There is a relatively broad recognition that, as an outsider, Trump has not developed detailed proposals on many issues. Climate change and energy are not different in this sense. In addition, others have already observed that Trump’s campaign sought to be conciliatory in his victory speech and indeed tried to message stability to the international community just ahead of the election. There is therefore a possibility for engagement as President-elect Trump and his team begin to develop their strategy. For example, George W. Bush came into office with little background on the issue, and while he was not broadly seen as a climate champion, his administration eventually engaged constructively with some of the important issues, in contrast to his early more strident approach.
The Paris Agreement was designed to engage with specific national circumstances of each country, and the new administration will not have much ability to change the approach currently being taken by the international community.
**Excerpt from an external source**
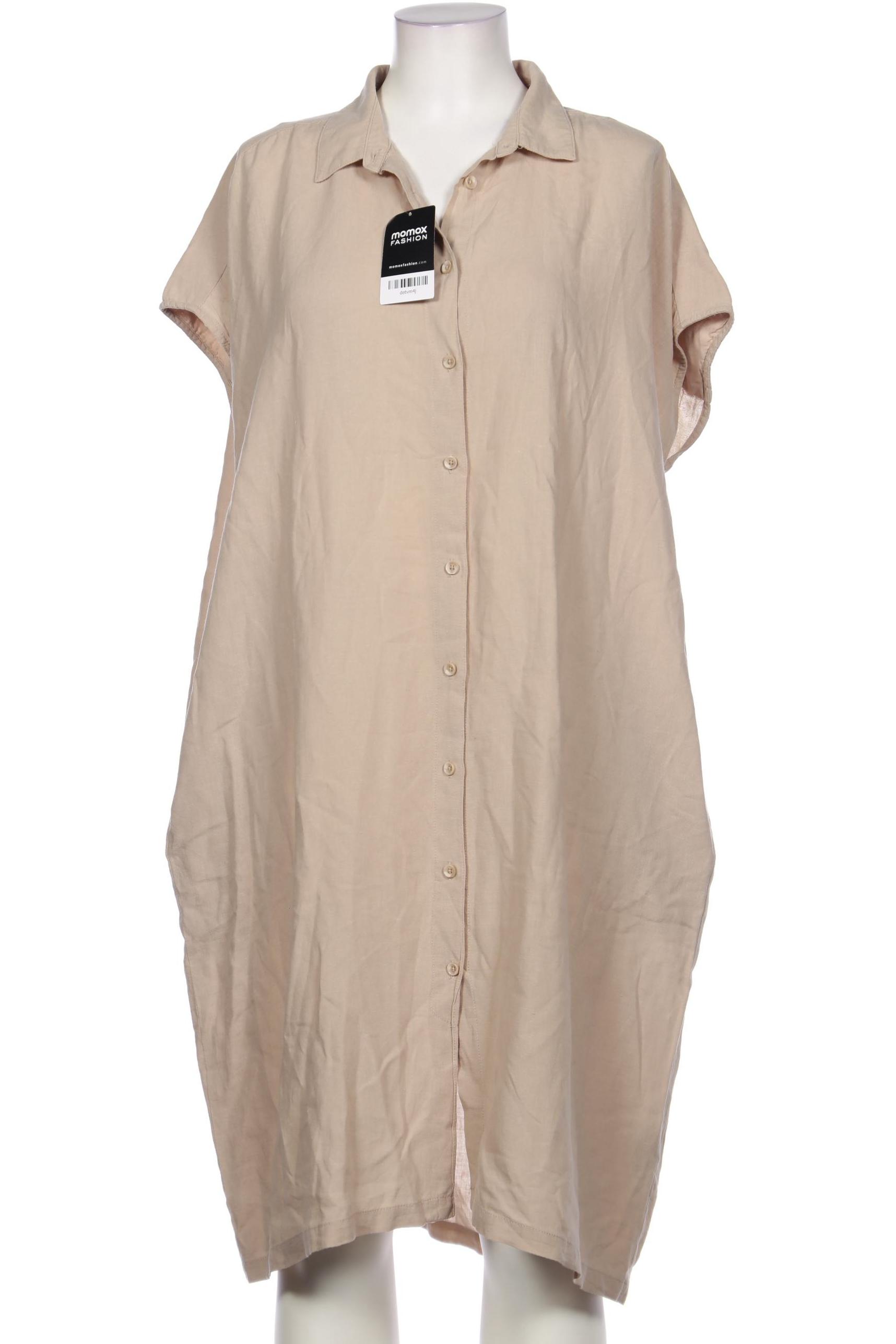

The Masai Clothing Company Damen Kleid, beige, Gr. 38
Finally, this election certainly brings up the question of what the long-term U.S. strategy could look like. It was already well understood that, beyond even the next four years, U.S. climate policy would have to rely not only on the executive branch but also on a broad base of new legislation from Congress, action from state and local officials, and implementation of climate goals by a broad array of non-government stakeholders. California, as just one of many examples, has set highly ambitious climate goals and has enacted legislation at the state level, including a cap-and-trade policy, to deliver on these goals. There has been substantial progress on technology, innovation, and resilience outside the U.S. government in the past decade, and there is no reason to believe that people will want good health, better technologies, or clean air less just because of a change in administration. So while the coming four years will certainly look different under a Trump presidency, there are still pressures that can push emissions down that involve improvements in technology, continued impact from regulations already in place, and state and local actions.